* [Exercise] Keep every word of the listing and drop the images when you write it out.

* [Given data]
---------------

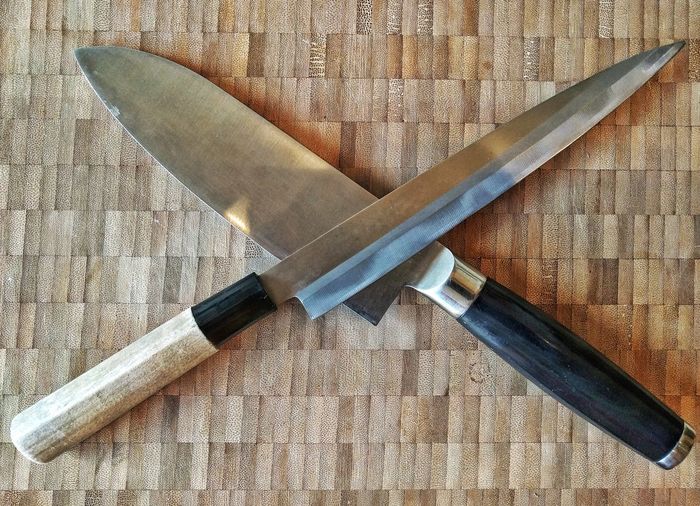 High angle view of knives on mat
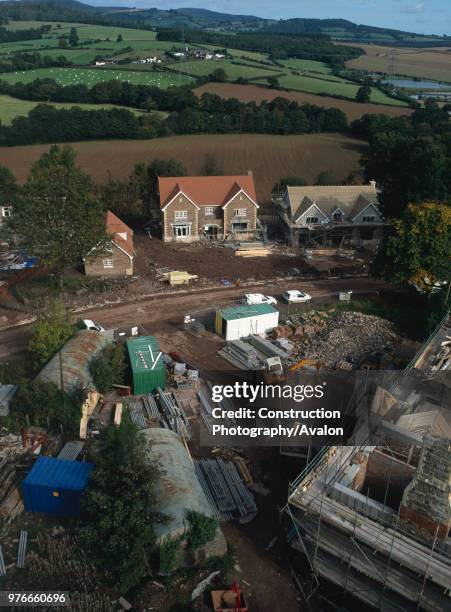 Traditional new build in background, conversion of 16th century Grade II listed country house in foreground, View from the site tower crane showing...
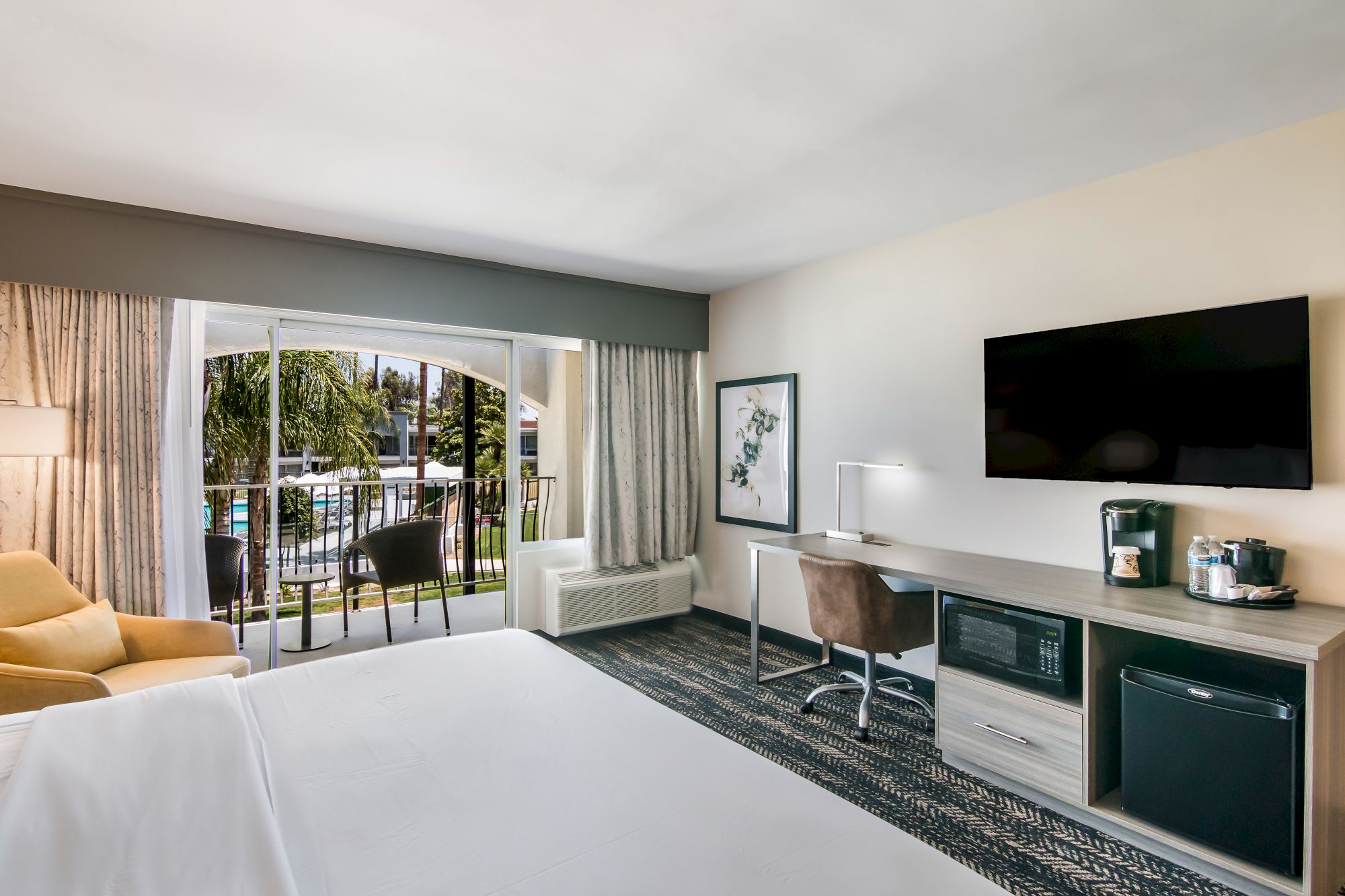 A modern hotel room features a bed, desk, chair, TV, mini-fridge, and coffee maker, with a balcony overlooking a pool area, and ample natural light.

---------------

* [Solution to this problem]
 High angle view of knives on mat
 Traditional new build in background, conversion of 16th century Grade II listed country house in foreground, View from the site tower crane showing...
 A modern hotel room features a bed, desk, chair, TV, mini-fridge, and coffee maker, with a balcony overlooking a pool area, and ample natural light.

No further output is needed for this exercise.